Ma lo Stato ebraico non è esso stesso una città assediata fin dalla sua nascita, circondata come era da regimi arabi che ne invocavano la distruzione? Con guerre vittoriose poteva finora illudersi di aver allentato quell’assedio. Ma oggi, dopo il sabato sanguinoso di Hamas, si volge intorno e vede i quattro fronti da cui nemici altrettanto implacabili lo minacciano di un assalto generale per purificare il peccato originale della sua esistenza. A Nord dal Libano l’esercito sciita di Hezbollah di cui ha sperimentato l’efficiente furore, e la Siria di Bashar ma soprattutto dei guardiani della Rivoluzione, la Wagner degli ayatollah; a est la Cisgiordania dove ribolle, forse ancor più insidiosa, la enorme quinta colonna degli altri palestinesi pronti a muovere, sull’esempio delle sanguinarie vittorie di Hamas, verso intifade più radicali; e a sud il fortilizio-emirato di Hamas. Il loro raid oltre il Muro non è forse una di quelle sortite che i tecnici della guerra consigliano per indebolire l’assediante e rendergli il compito ancor più costoso?
L’assedio è una realtà e segue una serie di regole interne ed esterne. L’assedio c’è, ben riconoscibile nelle rovine, nei rifugi di fortuna. Ormai riconoscere questo dato di fatto, questa realtà, dà consistenza e senso alla vita. Quello che è iniziato finirà una volta che si sarà compiuto il suo tempo e allora tutto sarà diverso: il compito è semplicemente sopravvivere fino a quel momento. Non è un caso che la storia delle guerre inizi con un assedio, il più celebre, il più indimenticabile, quello di Ilio. La guerra vi acquista la sua monumentalità fisica ben più che in una battaglia e il significato sacrificale, il complesso di Abramo, si fa completo: perchè chi comanda non invia a un ordinato combattimento ma a morte certa. Hitler la personificò perfettamente quando spedì il telegramma con cui ordinava ai trecentomila prediletti assediati a Stalingrado, il fior fior dell’esercito tedesco, di morire sul posto. Stalingrado: dove gli assedianti erano diventati assediati… dentro e fuori le mura i combattenti si consacrano ancor più alla prova di una obbedienza passiva e attendono che si ordinino loro sacrifici inauditi.
L’assedio modella gli spiriti.
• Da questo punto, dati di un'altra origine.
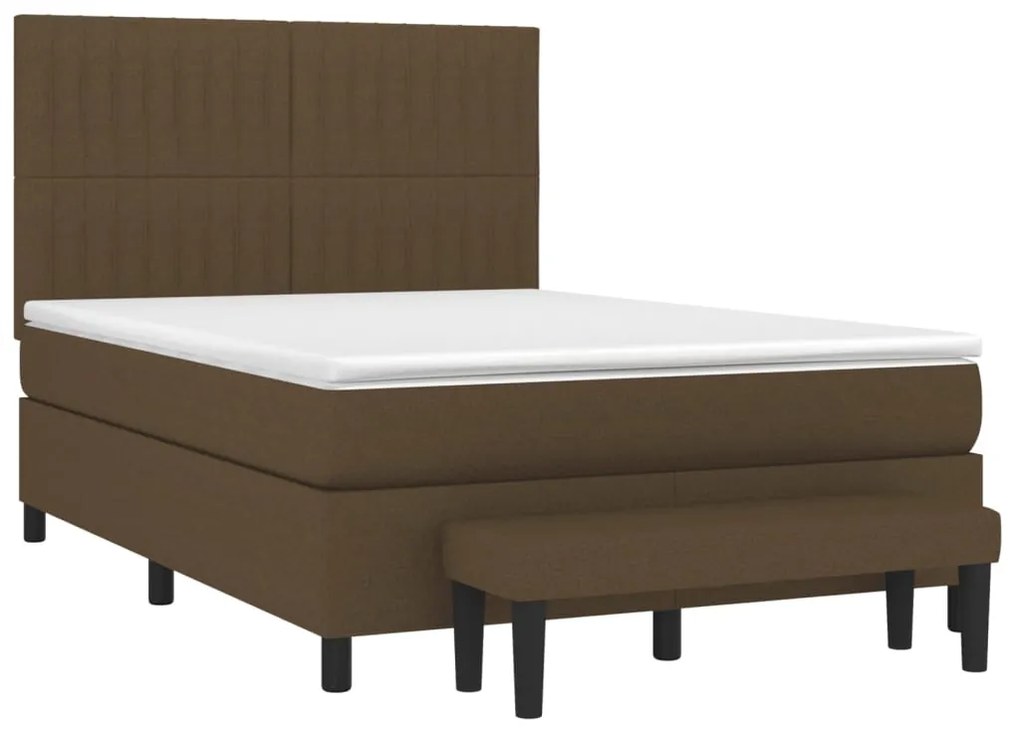 ΚΡΕΒΑΤΙ BOXSPRING ΜΕ ΣΤΡΩΜΑ ΣΚΟΥΡΟ ΚΑΦΕ 140X200 ΕΚ ΥΦΑΣΜΑΤΙΝΟ 3136760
E per questo ben suggeriva Machiavelli: l’assedio perfetto è quello che è breve. Il tempo che passa inutilmente deprime gli assedianti. Dall’altra parte rende anche i tiepidi e gli indifferenti dei fanatici disposti a combattere fino alla morte. La fame e le bombe sigilleranno il controllo totale di Hamas su due milioni di assediati, li spingeranno a compiere il passo che finora hanno rifiutato, superare la linea che li divide da una realtà in cui la morte e non la vita è la principale certezza. Gli estremisti del jihad che sabato scorso hanno sconfitto Israele non saranno più i colpevoli della ennesima disgrazia che si è abbattuta sui palestinesi inermi ma solo uomini che, con ogni strumento a disposizione, lottano per cambiare un destino. Sotto le bombe con il nemico al di la del suo Muro, affamati, senza medicine in quel groviglio di calcinacci e di fumo che una volta erano case, ogni evento diventa memorabile: i bambini uccisi… i razzi che restituiscono paura e morte anche dall’altra parte… i luoghi dove sono caduti gli eroi… L’assedio è un paesaggio interiore che diventa a poco a poco mito e che sarà impossibile sradicare.